DPR suspends Capital Oil, Sahara Petroleum and others From Importing Fuel
The Department of Petroleum Resources (DPR), the apex regulator of Nigeria’s oil and gas industry appears to have woken up from its long years of slumber as it has suspended the importation permit of six petrol depots in Lagos and Calabar for selling Premium Motor Spirit (PMS), otherwise called petrol, above the official ex-depot price of N77.66 per litre.
Other companies whose permit were suspended are Samon Petroleum, Fynefield Petroleum in Calabar, Cross River State and Stallionaire Petroleum in Lagos. The regulatory body alleged that the companies sold fuel above the government regulated price of N77.66k at the depot.
The DPR also slammed N10 million fine on each of the companies and directed the Petroleum Product Pricing Regulatory Agency (PPPRA) to revoke the companies’ allocations.
The DPR said it had put in place all necessary machinery to curb all incidents of profiteering, hoarding and other unwholesome practices by operators.
“The public is hereby advised to shun panic buying and report any noticeable infraction
to the DPR office nearest to them,” the statement said.
The action was the first time in a decade that the organisation would apply sanctions of such magnitude on erring operators, who allegedly shortchanged Nigerians, especially during the period of crisis.
The agency has over the years demonstrated lack of capacity to regulate the depot owners, who sell products at exorbitant prices to retail outlets and has concentrated efforts in sanctioning the filling stations that sell above official prices, despite the fact that they also buy above the official prices at the depots.
But citing its powers under the Petroleum Control Act of 1967 and the Petroleum Act of 1969 (as amended), the agency in a circular with reference number PI/PAD/25/Vol.1/360 of December 11, 2015, stated that the importation permit of the six depots had been suspended for three months for selling PMS above the stipulated official price of N77.66.

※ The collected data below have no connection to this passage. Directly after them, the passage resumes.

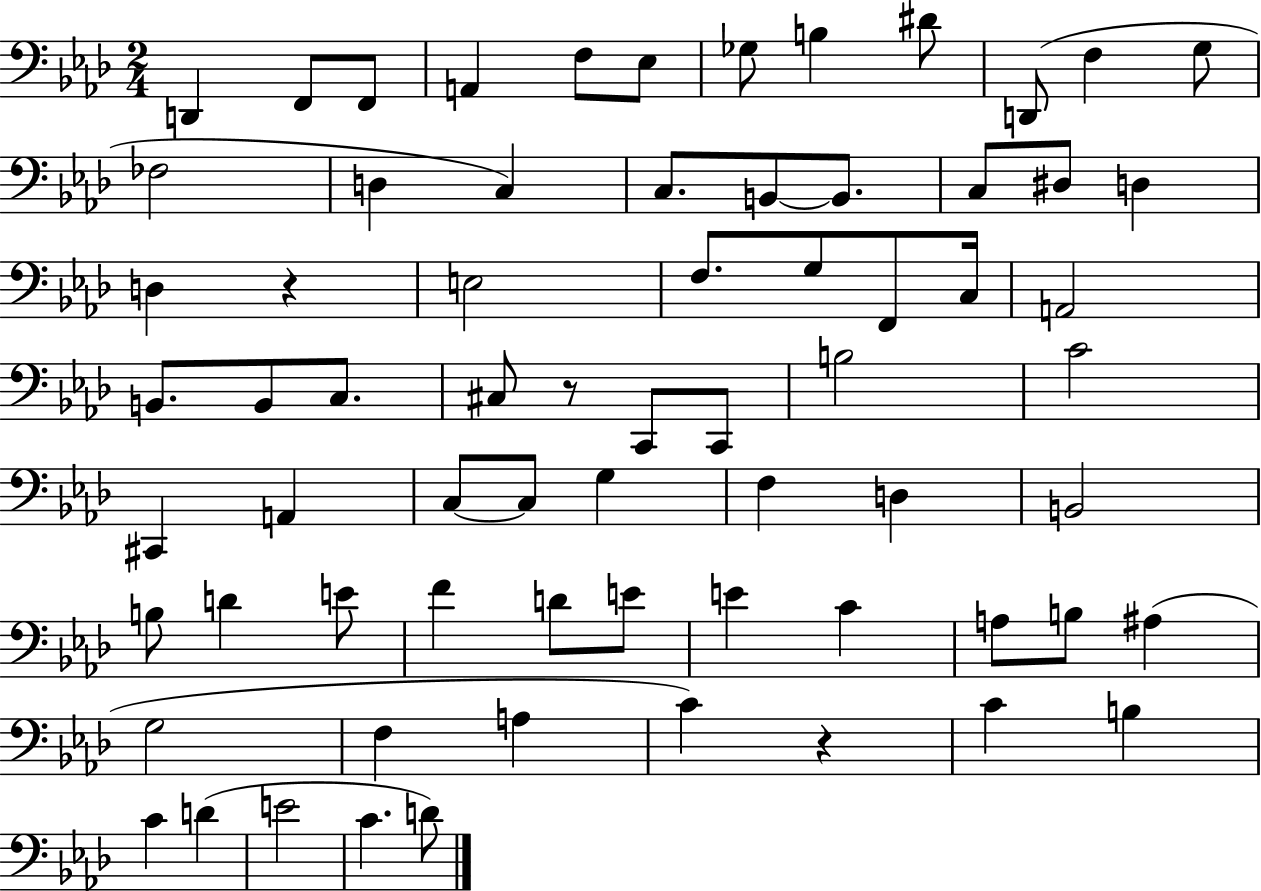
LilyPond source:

{
  \clef bass
  \numericTimeSignature
  \time 2/4
  \key aes \major
  d,4 f,8 f,8 | a,4 f8 ees8 | ges8 b4 dis'8 | d,8( f4 g8 | \break fes2 | d4 c4) | c8. b,8~~ b,8. | c8 dis8 d4 | \break d4 r4 | e2 | f8. g8 f,8 c16 | a,2 | \break b,8. b,8 c8. | cis8 r8 c,8 c,8 | b2 | c'2 | \break cis,4 a,4 | c8~~ c8 g4 | f4 d4 | b,2 | \break b8 d'4 e'8 | f'4 d'8 e'8 | e'4 c'4 | a8 b8 ais4( | \break g2 | f4 a4 | c'4) r4 | c'4 b4 | \break c'4 d'4( | e'2 | c'4. d'8) | \bar "|."
}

According to the agency, Folawiyo was sanctioned for allowing Sahara Petroleum to use its depot to breach the stipulated price.
The level of involvement of Capital Oil was not clear as the company does not import petrol but is only used by the Pipeline Products and Marketing Company (PPMC), a subsidiary of the Nigerian National Petroleum Corporation (NNPC) and other marketers to sell their imported products.